## Task brief
Restate the data word for word. Leave the pictures out.

## Brief descriptive captions

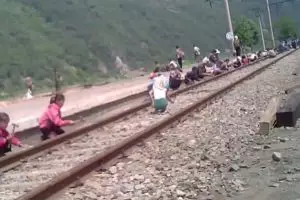 Miris, anak-anak kecil di Korea Utara dipekerjakan perbaiki rel kereta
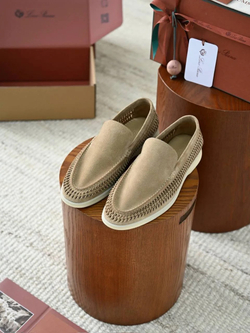 Темно-бежевые лоферы Loro Piana Summer Walk с плетением по периметру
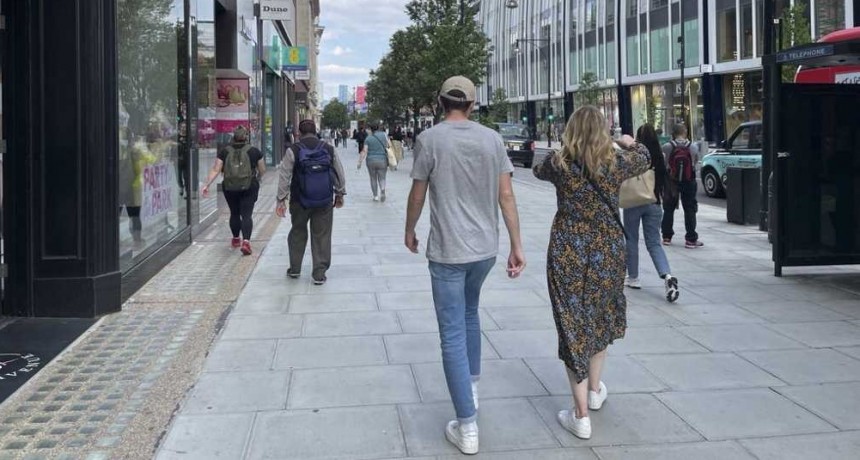 Inglaterra levantó casi todas las restricciones pese al aumento de contagios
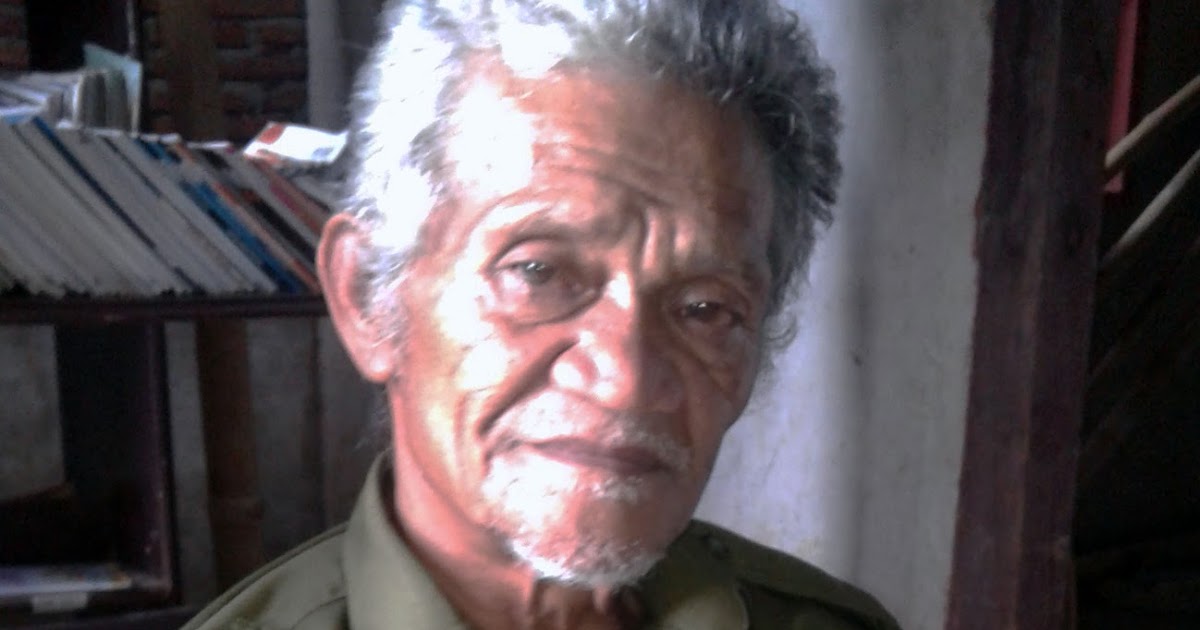 Dominggus, Majukan Desa di Kaki Gunung Mambuliling - Lentera Sulawesi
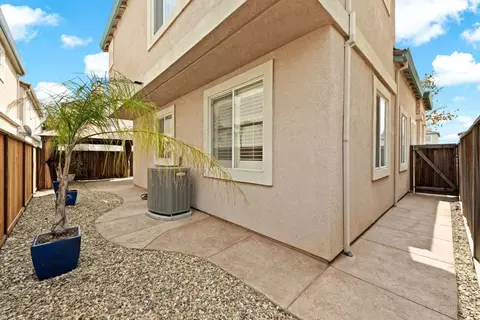 Exterior - 706 Marsh Pl, Fairfield, CA 94533 photo 8 of 16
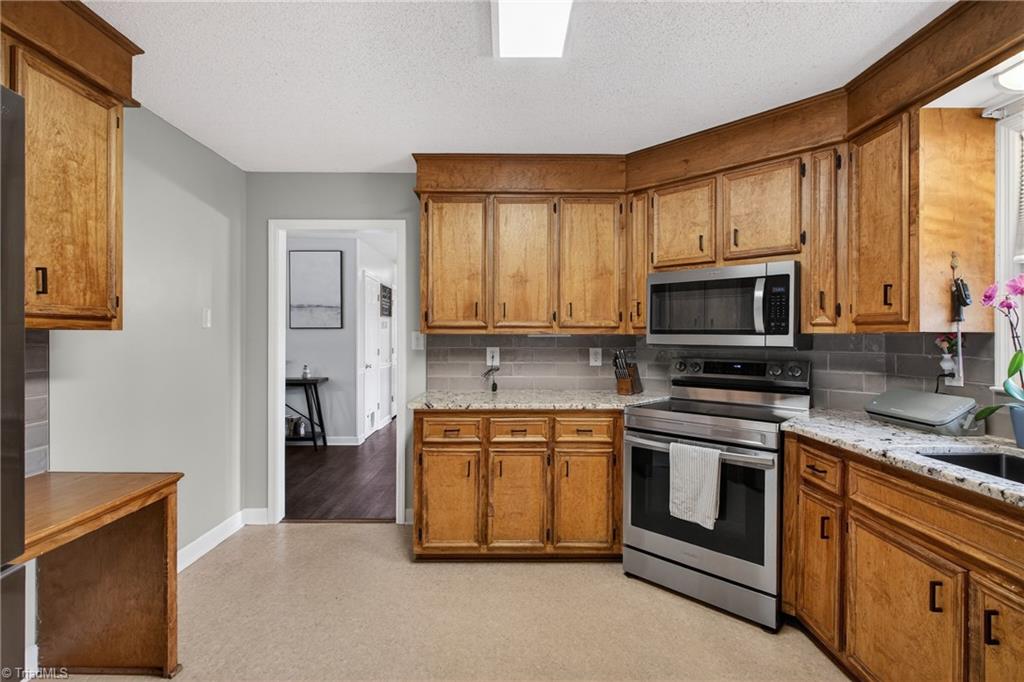 8388 Coachman Lane Rural Hall, NC 27045 - Photo 14 of 42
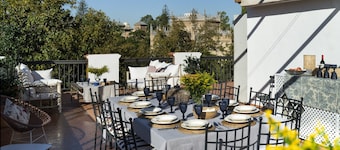 Villa Alfonso, Luxurious restored palace house next to Plaza de España.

## Your solution
 Miris, anak-anak kecil di Korea Utara dipekerjakan perbaiki rel kereta
 Темно-бежевые лоферы Loro Piana Summer Walk с плетением по периметру
 Inglaterra levantó casi todas las restricciones pese al aumento de contagios
 Dominggus, Majukan Desa di Kaki Gunung Mambuliling - Lentera Sulawesi
 Exterior - 706 Marsh Pl, Fairfield, CA 94533 photo 8 of 16
 8388 Coachman Lane Rural Hall, NC 27045 - Photo 14 of 42
 Villa Alfonso, Luxurious restored palace house next to Plaza de España.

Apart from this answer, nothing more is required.